### DATA SUPPLIED:
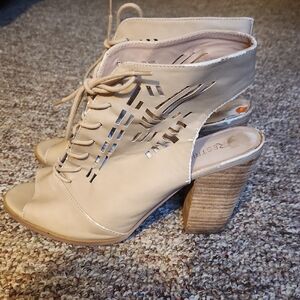 Women's Tan Lace-Up Heeled Sandals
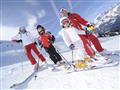 26. Hotel Du Lac Molveno – 6denní lyžařský balíček se skipasem a dopravou v ceně***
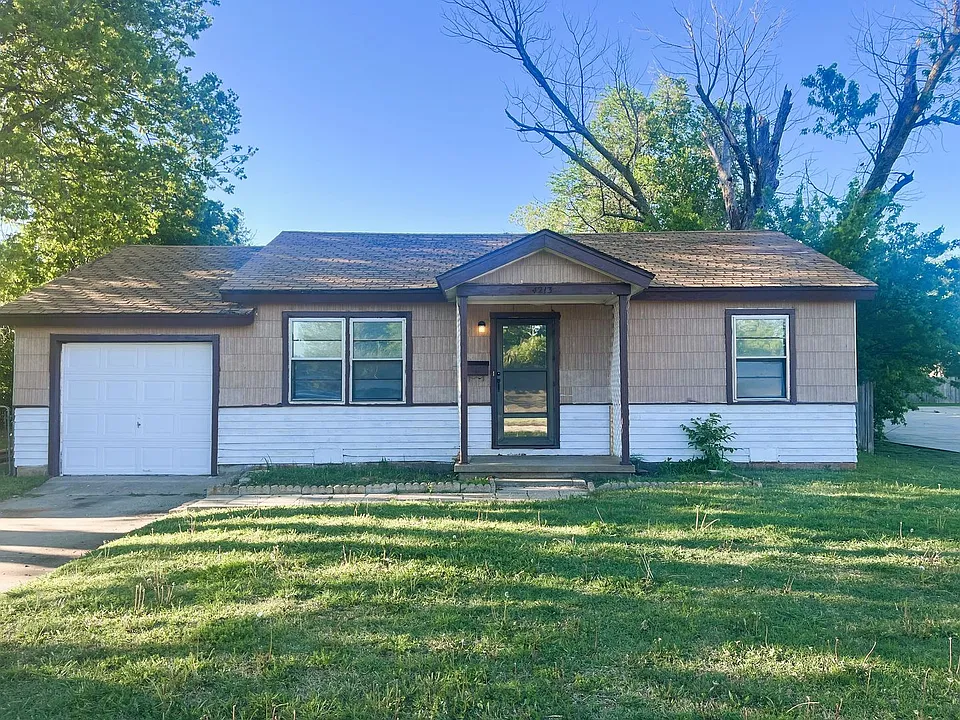 5216 Foster Dr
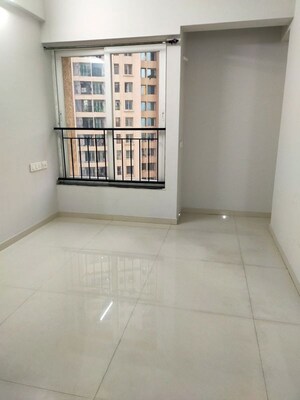 Room in 2 BHK Apartment at Rustomjee Urbania Astraea, Majiwada – for Rent
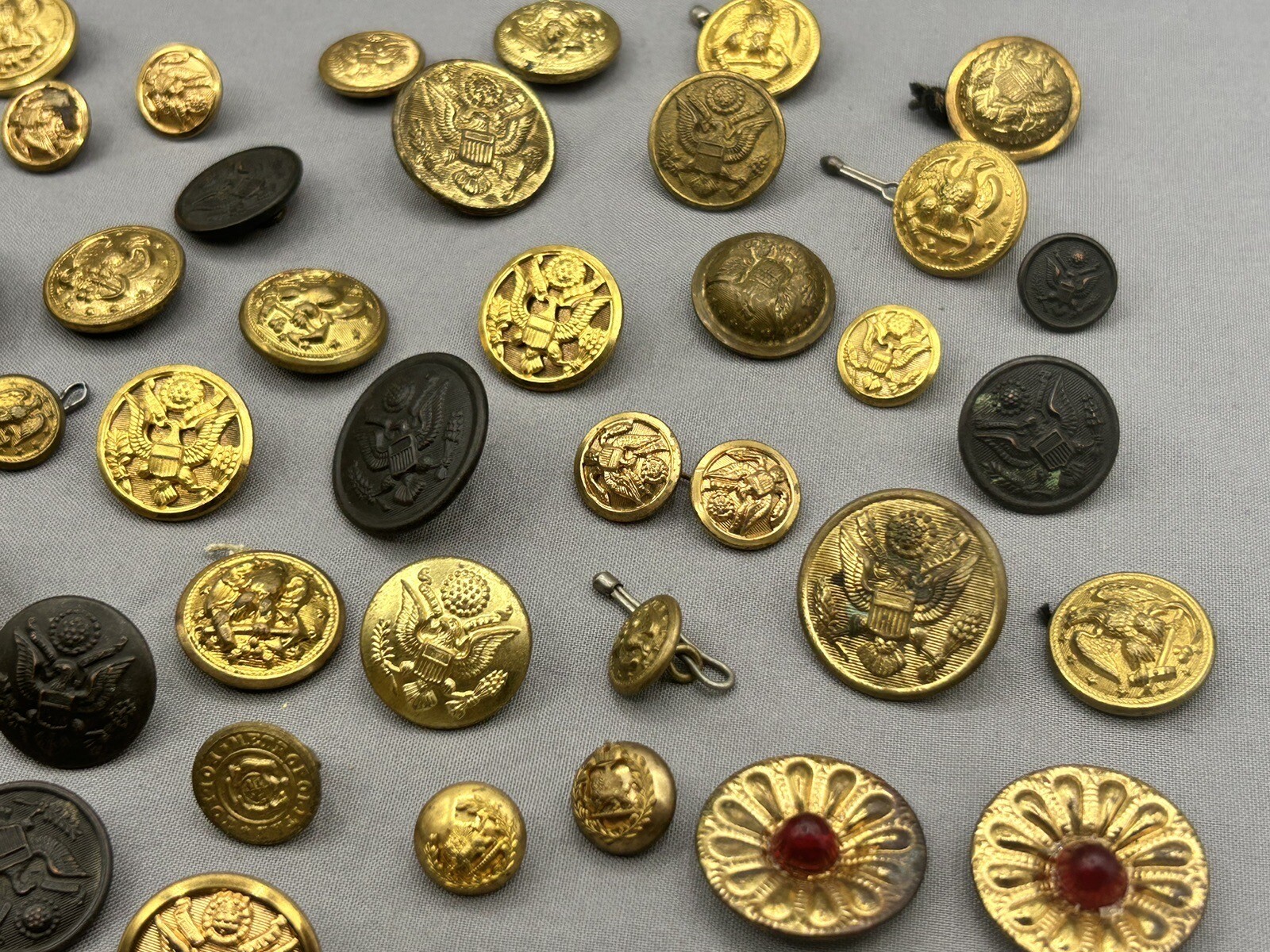 Random Lot Of (4) Original War Buttons - Military Antique Brass More Read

### AIM OF THE TASK:
Transcribe every entry exactly. Leave out the pictures.

### RESPONSE BELOW:
 Women's Tan Lace-Up Heeled Sandals
 26. Hotel Du Lac Molveno – 6denní lyžařský balíček se skipasem a dopravou v ceně***
 5216 Foster Dr
 Room in 2 BHK Apartment at Rustomjee Urbania Astraea, Majiwada – for Rent
 Random Lot Of (4) Original War Buttons - Military Antique Brass More Read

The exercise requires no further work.